**What this task involves:**
Please output the records below word for word and omit the pictures.

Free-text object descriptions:
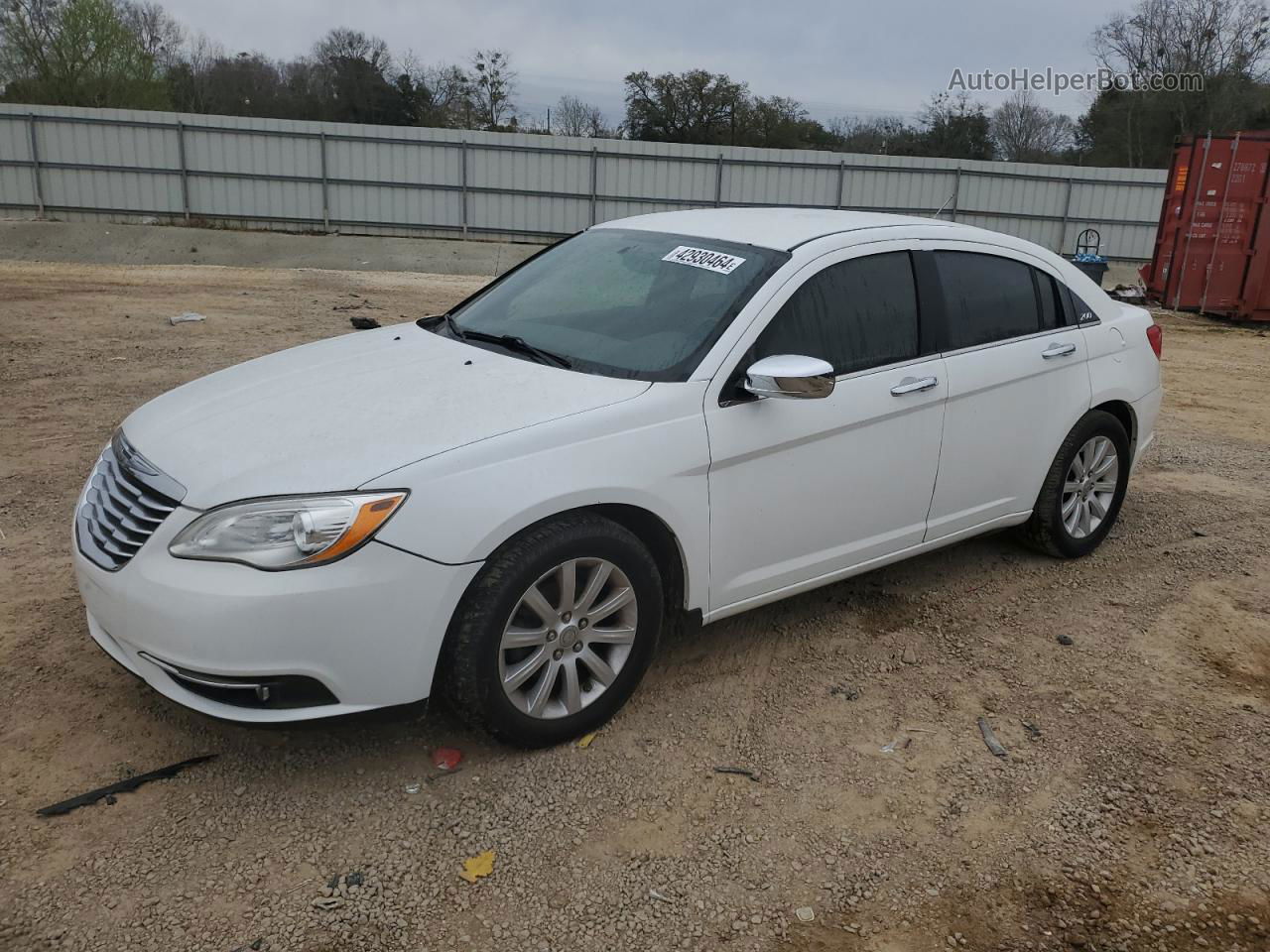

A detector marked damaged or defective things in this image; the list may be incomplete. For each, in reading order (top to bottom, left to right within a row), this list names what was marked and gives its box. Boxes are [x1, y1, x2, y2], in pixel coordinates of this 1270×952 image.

rusty shipping container [1137, 132, 1270, 322]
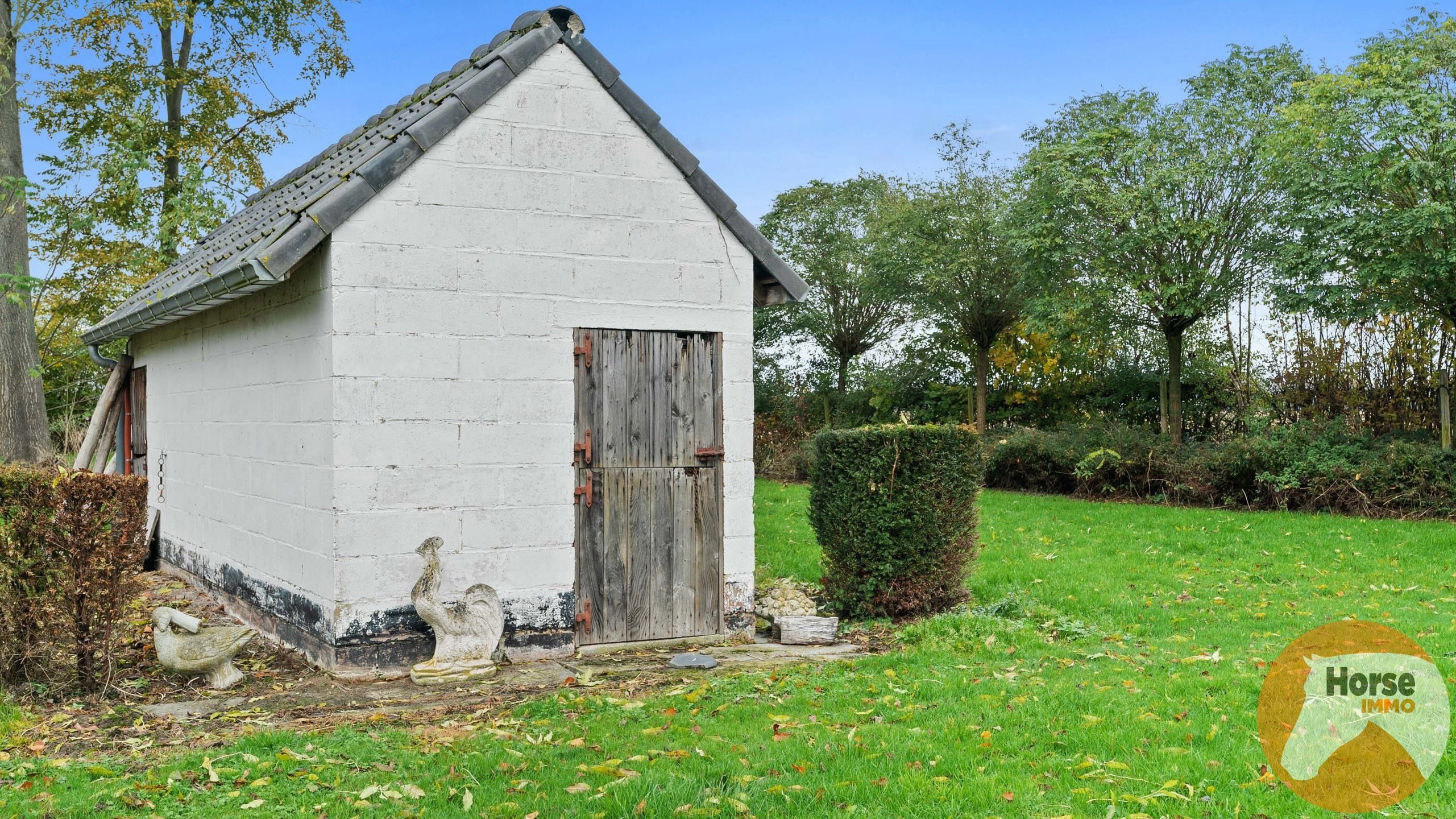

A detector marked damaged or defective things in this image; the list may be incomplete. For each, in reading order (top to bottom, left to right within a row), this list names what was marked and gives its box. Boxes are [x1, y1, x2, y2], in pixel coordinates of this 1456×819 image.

rusty door hinge [570, 333, 588, 369]
rusty door hinge [570, 423, 588, 463]
rusty door hinge [570, 466, 588, 504]
rusty door hinge [570, 597, 588, 635]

**Your solution:**
A detector marked damaged or defective things in this image; the list may be incomplete. For each, in reading order (top to bottom, left to right within a row), this list names what was marked and gives its box. Boxes are [x1, y1, x2, y2], in pixel coordinates of this 1270×952 image.

rusty shipping container [1137, 132, 1270, 322]

A detector marked damaged or defective things in this image; the list may be incomplete. For each, in reading order (top to bottom, left to right within a row), this list names what was marked and gives its box. Boxes are [x1, y1, x2, y2], in pixel coordinates of this 1456×819 image.

rusty door hinge [570, 333, 588, 369]
rusty door hinge [570, 423, 588, 463]
rusty door hinge [570, 466, 588, 504]
rusty door hinge [570, 597, 588, 635]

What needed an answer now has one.